[Brief descriptive captions]
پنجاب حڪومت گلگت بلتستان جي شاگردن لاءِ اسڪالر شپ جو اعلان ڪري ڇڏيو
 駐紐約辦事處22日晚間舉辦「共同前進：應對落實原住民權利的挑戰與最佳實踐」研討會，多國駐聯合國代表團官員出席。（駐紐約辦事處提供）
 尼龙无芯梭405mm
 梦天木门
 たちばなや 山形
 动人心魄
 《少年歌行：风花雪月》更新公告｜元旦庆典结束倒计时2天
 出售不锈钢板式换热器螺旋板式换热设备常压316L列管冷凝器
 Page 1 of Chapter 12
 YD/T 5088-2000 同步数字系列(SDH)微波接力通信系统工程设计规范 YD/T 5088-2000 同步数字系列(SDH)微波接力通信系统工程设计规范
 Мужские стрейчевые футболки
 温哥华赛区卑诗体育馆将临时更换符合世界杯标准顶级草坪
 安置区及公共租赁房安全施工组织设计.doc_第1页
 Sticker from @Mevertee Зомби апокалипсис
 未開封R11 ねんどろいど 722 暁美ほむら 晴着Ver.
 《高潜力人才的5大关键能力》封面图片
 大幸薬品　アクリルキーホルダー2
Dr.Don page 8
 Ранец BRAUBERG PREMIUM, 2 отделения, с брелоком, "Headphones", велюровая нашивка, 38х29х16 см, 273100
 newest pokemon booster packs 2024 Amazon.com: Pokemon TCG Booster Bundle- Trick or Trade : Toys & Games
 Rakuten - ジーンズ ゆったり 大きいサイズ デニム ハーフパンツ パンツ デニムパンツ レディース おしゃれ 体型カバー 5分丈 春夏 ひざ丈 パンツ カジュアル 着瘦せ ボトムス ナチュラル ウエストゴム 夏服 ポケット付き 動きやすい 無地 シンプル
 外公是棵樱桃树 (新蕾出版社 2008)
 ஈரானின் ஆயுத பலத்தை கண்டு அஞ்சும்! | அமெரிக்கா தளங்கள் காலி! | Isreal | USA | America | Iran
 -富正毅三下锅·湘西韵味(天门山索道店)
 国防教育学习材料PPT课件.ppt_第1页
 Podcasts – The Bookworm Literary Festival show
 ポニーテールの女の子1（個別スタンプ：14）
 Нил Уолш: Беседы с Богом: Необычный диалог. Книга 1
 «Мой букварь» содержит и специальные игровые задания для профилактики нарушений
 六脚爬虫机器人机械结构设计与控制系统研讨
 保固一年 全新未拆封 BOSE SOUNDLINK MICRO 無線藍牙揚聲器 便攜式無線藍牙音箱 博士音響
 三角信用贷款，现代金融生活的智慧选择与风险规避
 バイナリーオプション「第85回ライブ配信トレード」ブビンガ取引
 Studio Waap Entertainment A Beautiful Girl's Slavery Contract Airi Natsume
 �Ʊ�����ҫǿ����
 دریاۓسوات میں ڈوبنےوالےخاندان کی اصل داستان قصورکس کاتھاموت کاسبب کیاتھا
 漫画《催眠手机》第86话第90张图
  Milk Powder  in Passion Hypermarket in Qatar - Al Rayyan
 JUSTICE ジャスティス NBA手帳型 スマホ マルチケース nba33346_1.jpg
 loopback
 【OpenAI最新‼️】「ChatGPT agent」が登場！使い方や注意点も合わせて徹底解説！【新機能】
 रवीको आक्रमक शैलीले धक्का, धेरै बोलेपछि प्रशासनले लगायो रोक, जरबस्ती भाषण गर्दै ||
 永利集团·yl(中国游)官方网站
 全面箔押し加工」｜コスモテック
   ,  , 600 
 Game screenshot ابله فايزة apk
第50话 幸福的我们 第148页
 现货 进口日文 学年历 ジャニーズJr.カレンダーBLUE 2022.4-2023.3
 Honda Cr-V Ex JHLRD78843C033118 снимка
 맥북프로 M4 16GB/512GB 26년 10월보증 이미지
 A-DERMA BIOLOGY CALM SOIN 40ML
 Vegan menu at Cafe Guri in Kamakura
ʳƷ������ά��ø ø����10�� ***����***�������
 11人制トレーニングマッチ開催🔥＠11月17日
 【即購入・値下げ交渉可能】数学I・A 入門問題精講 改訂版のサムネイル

_ASSIGNMENT_
Could you retype exactly the lines above, starting at the line that contains "温哥华赛区卑诗体育馆将临时更换符合世界杯标准顶级草坪" and ending at the line that contains "для профилактики нарушений", and nothing more?

_RESPONSE AREA_
 温哥华赛区卑诗体育馆将临时更换符合世界杯标准顶级草坪
 安置区及公共租赁房安全施工组织设计.doc_第1页
 Sticker from @Mevertee Зомби апокалипсис
 未開封R11 ねんどろいど 722 暁美ほむら 晴着Ver.
 《高潜力人才的5大关键能力》封面图片
 大幸薬品　アクリルキーホルダー2
Dr.Don page 8
 Ранец BRAUBERG PREMIUM, 2 отделения, с брелоком, "Headphones", велюровая нашивка, 38х29х16 см, 273100
 newest pokemon booster packs 2024 Amazon.com: Pokemon TCG Booster Bundle- Trick or Trade : Toys & Games
 Rakuten - ジーンズ ゆったり 大きいサイズ デニム ハーフパンツ パンツ デニムパンツ レディース おしゃれ 体型カバー 5分丈 春夏 ひざ丈 パンツ カジュアル 着瘦せ ボトムス ナチュラル ウエストゴム 夏服 ポケット付き 動きやすい 無地 シンプル
 外公是棵樱桃树 (新蕾出版社 2008)
 ஈரானின் ஆயுத பலத்தை கண்டு அஞ்சும்! | அமெரிக்கா தளங்கள் காலி! | Isreal | USA | America | Iran
 -富正毅三下锅·湘西韵味(天门山索道店)
 国防教育学习材料PPT课件.ppt_第1页
 Podcasts – The Bookworm Literary Festival show
 ポニーテールの女の子1（個別スタンプ：14）
 Нил Уолш: Беседы с Богом: Необычный диалог. Книга 1
 «Мой букварь» содержит и специальные игровые задания для профилактики нарушений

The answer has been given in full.